Anthony Lattier : La campagne de Macky Sall, en 2012, a-t-elle été dopée par des fonds provenant de Moscou, récoltés par Lamine Diack, pour couvrir le dopage des athlètes russes ? La question se pose, après les révélations de l’ex-président de l’athlétisme mondial. Le PDS d’Abdoulaye Wade, en victime, exige l’ouverture d’une enquête, tandis que le ministre sénégalais de la Jeunesse, lui, botte en touche, en affirmant qu’en ce temps-là, l’opposition était plurielle. Que penser de tout cela ?
Jean-Baptiste Placca : Le soupir gêné que vous entendez depuis Dakar cache une grande perplexité. Nier et démentir est un piteux réflexe de politicien. Face à un scandale aussi monumental, la première question qui vient à l’esprit est celle de savoir pourquoi Monsieur Diack, ce vieil homme de 82 ans, irait inventer un mensonge aussi gros, alors qu’il sait Macky Sall en situation de pouvoir, donc de représailles, terribles, et d’autant plus violentes, si tout cela ne reposait sur aucune réalité. A son âge, en Afrique, comme probablement en Russie, le désir de confession devient une seconde nature. On ne ment plus. On avoue.
Lorsque le ministre de la Jeunesse du gouvernement sénégalais rappelle que l’opposition à Abdoulaye Wade, en ce temps-là, était plurielle, on peut comprendre que le petit milliard de franc CFA que représente le million et demi d’euros a pu être réparti judicieusement entre Lamine Diack et son fils, d’une part, et différentes formations de l’opposition, de l’autre. A quelle hauteur pour que parti ? Il faudra sans doute plonger dans les carnets secrets de Lamine Diack pour le savoir.

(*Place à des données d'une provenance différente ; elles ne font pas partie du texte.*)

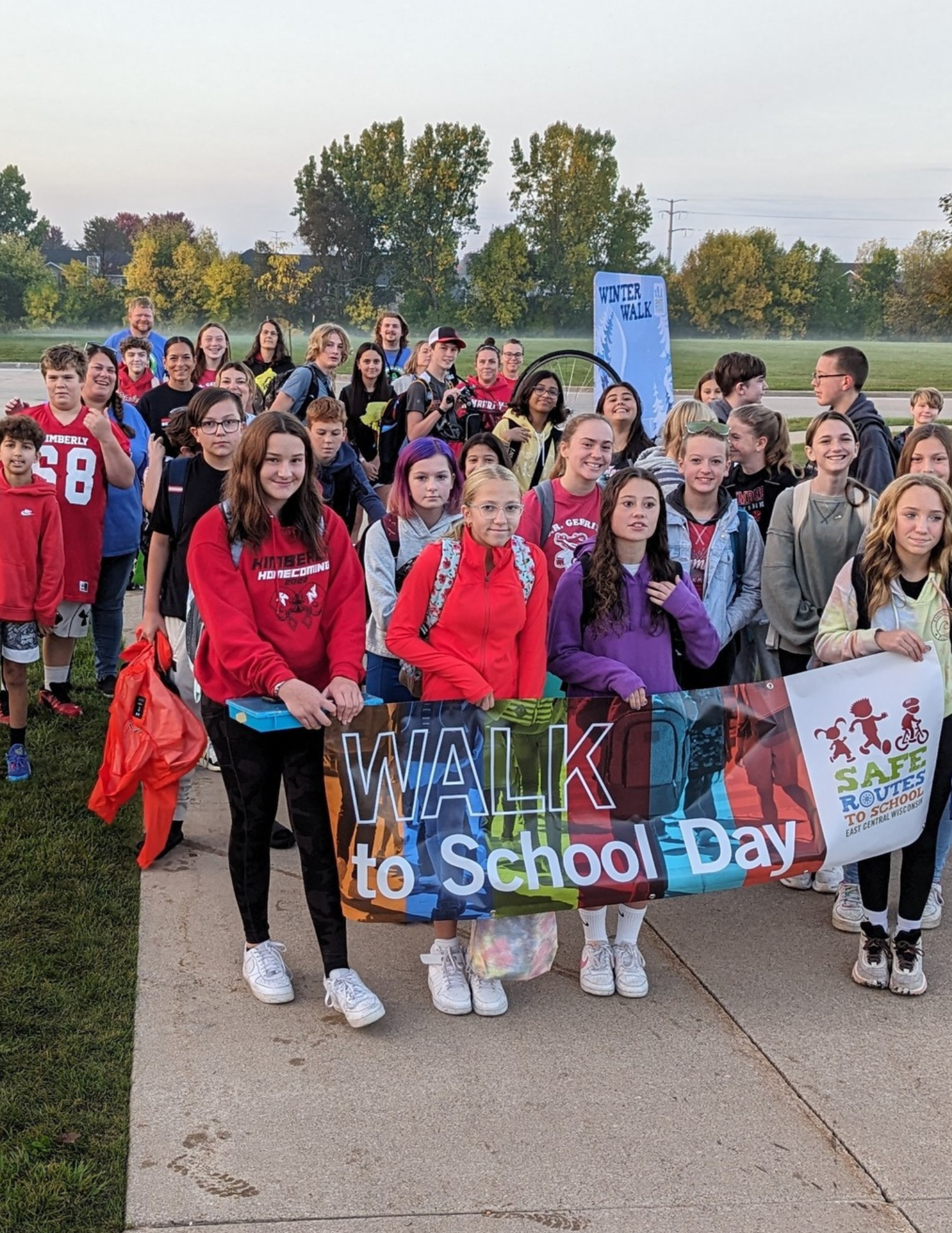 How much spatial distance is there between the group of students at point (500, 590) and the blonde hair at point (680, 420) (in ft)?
0.05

Du côté du pouvoir sénégalais, on laisse entendre que la campagne de Macky Sall a été exclusivement financée par l’argent des militants et du parti, bref, sans des fonds venus de l’étranger…
En voilà encore un, de gros mensonge. Vous en souvenez-vous ? Lorsque Abdoulaye Wade, président, voyait Macky Sall se positionner comme son challengeur, il a, à plusieurs reprises, tenté de compromettre sa candidature, en l’accusant d’avoir violé la législation sur le change, en faisant entrer dans le pays des fonds venus du Gabon ou d’un pays y ressemblant…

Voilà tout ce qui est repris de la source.